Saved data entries
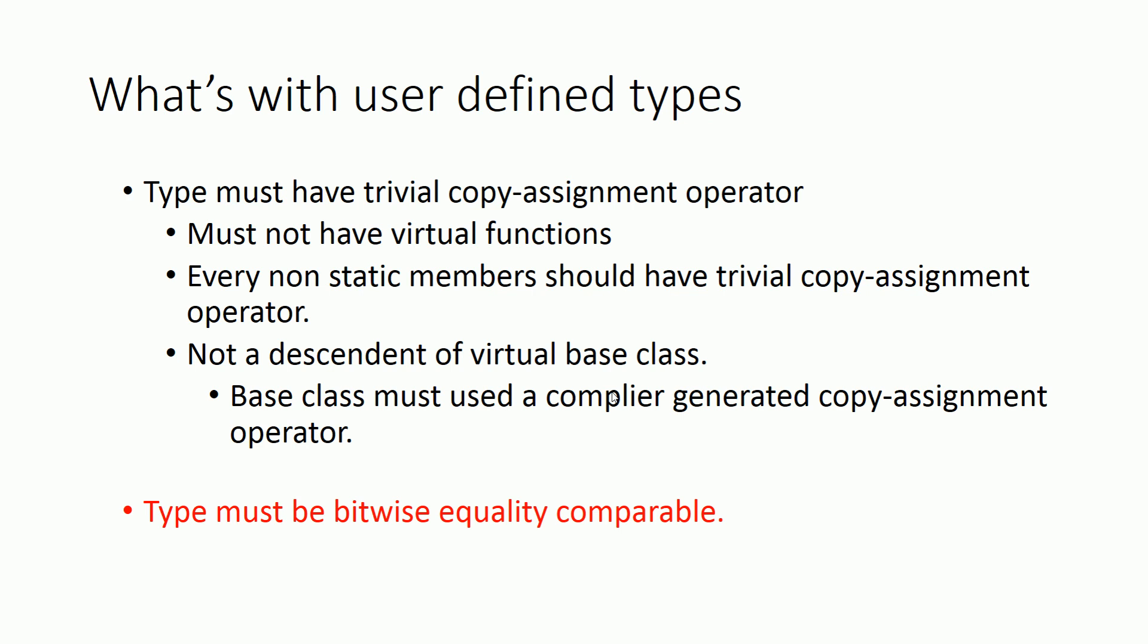Now what this means basically, is that the user-defined type that we are going to use with the atomic class template should be bitwise equality comparable.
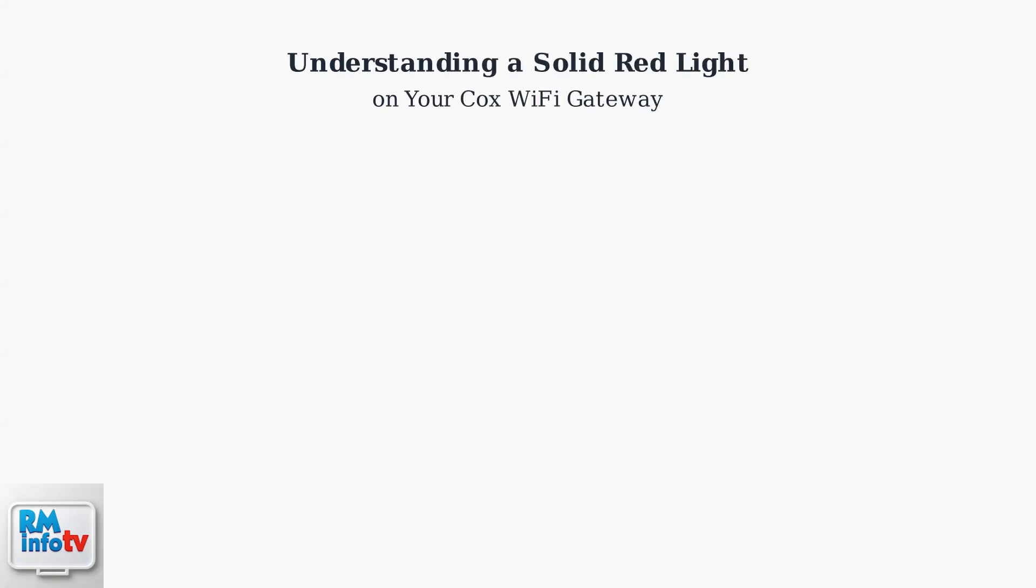A solid red light on your Cox Wi-Fi gateway is a critical warning signal that requires immediate attention. Understanding what this light means is the first step to restoring your internet connection.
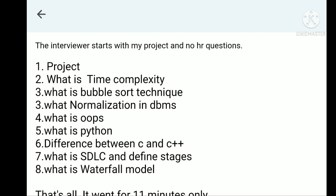If you look at the overall interview, the interviewer asked all technical questions only. HR questions were not there. It depends completely on the interviewer which type of questions they want to ask you, but please be ready with HR questions as well and technical questions as well. I have already shared both HR and technical questions in my previous video, so please check out that video.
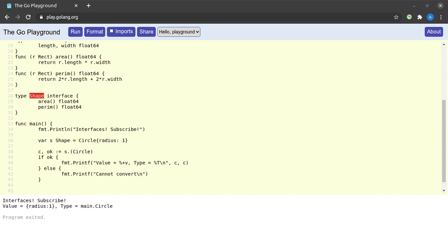The last point we'll discuss is composite interfaces. In Go you can compose interfaces from other interfaces. We're going to split the Shape interface into two: ShapeOne and ShapeTwo, and then compose Shape from those two.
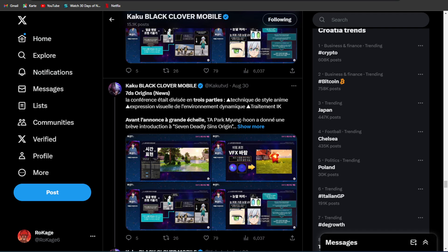Alright guys, Rokage here and welcome back to the brand new video. On today's video, again, 7 Deadly Sins Origin will be the topic.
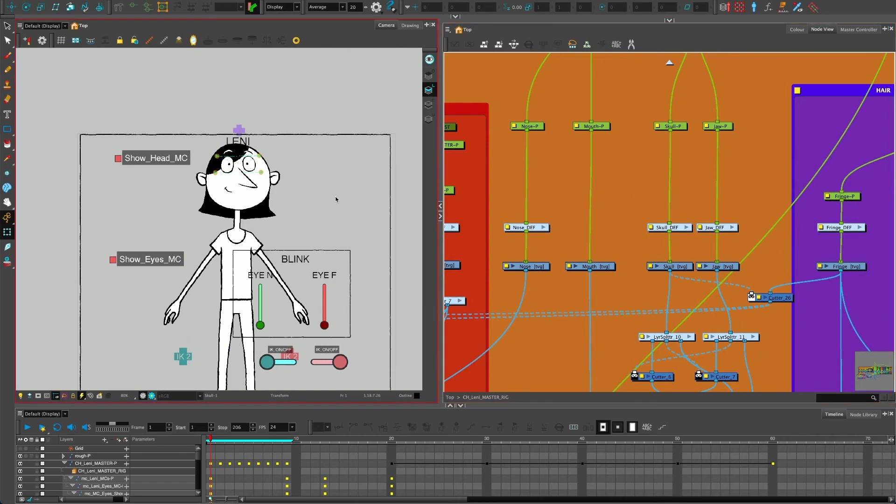I hope that deep selection shortcut tip was useful to you. I know it was to me when I found out about it. Good luck and happy animating or rigging. I'll see you in the next video.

- **Required work**
Set down exactly and only the lines from the start of the entries above through the line containing "A solid red", both ends included, omitting the pictures.

- **Expected answer**
Now what this means basically, is that the user-defined type that we are going to use with the atomic class template should be bitwise equality comparable.
A solid red light on your Cox Wi-Fi gateway is a critical warning signal that requires immediate attention. Understanding what this light means is the first step to restoring your internet connection.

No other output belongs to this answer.